It’s not terribly cold. The temperature hovers somewhere in the mid-twenties Fahrenheit. No breeze ruffles the surface of the Mendenhall River. But the little dog and I are not designed for the conditions. So we adapt. Aki wears a knitted sweater with front sleeves that reach almost to her paws. She’ll shiver if she stops but she never does. Me, I am wearing gloves, knit hat, and heavy parka. My trigger figure numbs if I take too many pictures before returning finger and hand to their glove.
I wouldn’t have given any of this a thought if not for the great blue heron. He stands, still as one of the queen’s guards, in an ice-free portion of the river. He’s puffed out his chest feathers to trap warm air leaving his body but that’s all he can do to adapt to the cold. Around him mallards and golden eye ducks paddle, sometimes diving down to catch lunch. In the air above the edge of the wetlands, an extended formation of Canada geese flies noisily away. No warm parkas for them. I wonder if their kin provided the down that is keeping me warm.

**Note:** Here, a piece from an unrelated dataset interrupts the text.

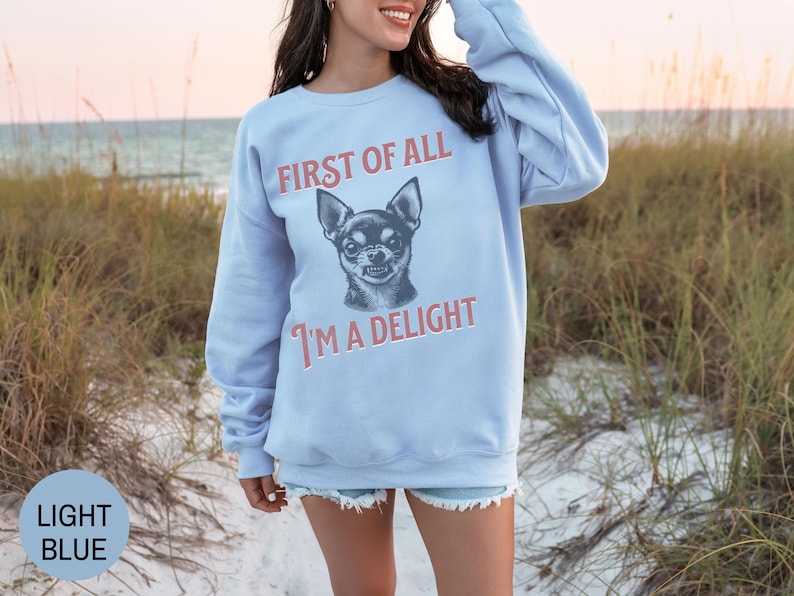 Retro First of All I'm a Delight Chihuahua Sweatshirt, Funny Chihuahua Shirt, Chihuahua Dog Mom Hoodie, Vintage Sarcastic Dog Mom Crewneck afbeelding 3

A naturalist could explain all the things given to the wetland birds to help them tough out the winter. She could also solve the mystery of salt-water ice. Last night at slack high tide, when the beach we walk on was covered by seawater, a skim of ice formed. As the river dropped during the ebb the ice skim draped itself over tuffs of beach grass and beach pebbles. Brittle freshwater ice would have cracked and split when left by the tide to bear its own weight. But this paper-thin sea ice lays like a lover over the bent grass until the next high tide.